Since there is little difference in the probability of occurrence of each combination, 2 bits are assigned to every block. Furthermore, the data code does not transmit any data for the combination number C ₀ , and the plus/minus sign S for the combination number C ₁ .
For combination number C _2, 6-bit data is sent after the plus/minus sign S, and for combination number C ₃ , sequence quantized values H ₃ , H ₂ , H ₁ , ΔH ₀ have a positive or negative sign S, respectively.

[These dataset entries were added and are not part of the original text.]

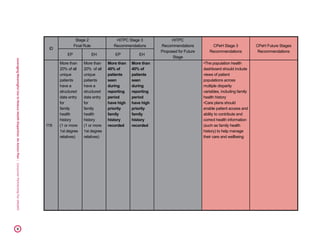 LeveragingMeaningfulUsetoReduceHealthDisparities:AnActionPlan|ConsumerPartnershipForeHealth29
ID
Stage 2
Final Rule
HITPC Stage 3
Recommendations
HITPC
Recommendations
Proposed for Future
Stage
CPeH Stage 3
Recommendations
CPeH Future Stages
Recommendations
EP EH EP EH
119
More than
20% of all
unique
patients
have a
structured
data entry
for
family
health
history
(1 or more
1st degree
relatives)
More than
20% of all
unique
patients
have a
structured
data entry
for
family
health
history
(1 or more
1st degree
relatives)
More than
40% of
patients
seen
during
reporting
period
have high
priority
family
history
recorded
More than
40% of
patients
seen
during
reporting
period
have high
priority
family
history
recorded
•The population health
dashboard should include
views of patient
populations across
multiple disparity
variables, including family
health history
•Care plans should
enable patient access and
ability to contribute and
correct health information
(such as family health
history) to help manage
their care and wellbeing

In addition, 3 bits, 5 bits, 5 bits, and 7 bits are allocated to transmit variable length code data corresponding to the combination of sequence quantization values ΔH ₀ to _{H 3} . Therefore, the code length to be transmitted is 2 bits for combination number _C0 , 3 bits for combination number _C1 , 9 bits for combination number _C2 , and ₂₂ bits for combination number C3. be. Note that the probability of occurrence of a combination is determined by testing various images with a low spatial frequency such as a portrait, images with a high spatial frequency such as a landscape photograph, and finding the average value. In this way, by providing variable length codes, it is possible to realize efficient encoding. Note that the probability distribution of sequence quantization values is similar to the Laplace distribution, and it is possible to give a variable length code to each sequence quantization value, but in this case, even if the shortest code length is given to each sequence, the total It becomes 4 bits/block. However, if you encode the combinations as shown in Table 1,
The shortest code length is 2 bits/block,
Since the occurrence frequency is as high as 25.5%, it is clear that the encoding method of the present invention is very efficient. As described above, data below the distortion level given during quantization in the spatial spectrum of the image is discarded without being transmitted, and in the example of Table 1, the sequence quantization value H ₃ ,
H ₂ , H ₁ , and ΔH ₀ are compressed into 3 bits, 5 bits, 5 bits, and 7 bits, respectively, and then transmitted, resulting in an average amount of transmitted information of 2.1 bits/pixel, making it an extremely efficient code. It can be seen that it is a method of conversion. Next, a specific circuit example for realizing the above-mentioned encoding method according to Table 1 will be explained with reference to FIGS. 4 and 5. The pixel signals x ₁ to x read out by the scanning line ₄ is input to the Hadamard transformer 10, and the sequence H ₀ a~ is transformed into the frequency domain.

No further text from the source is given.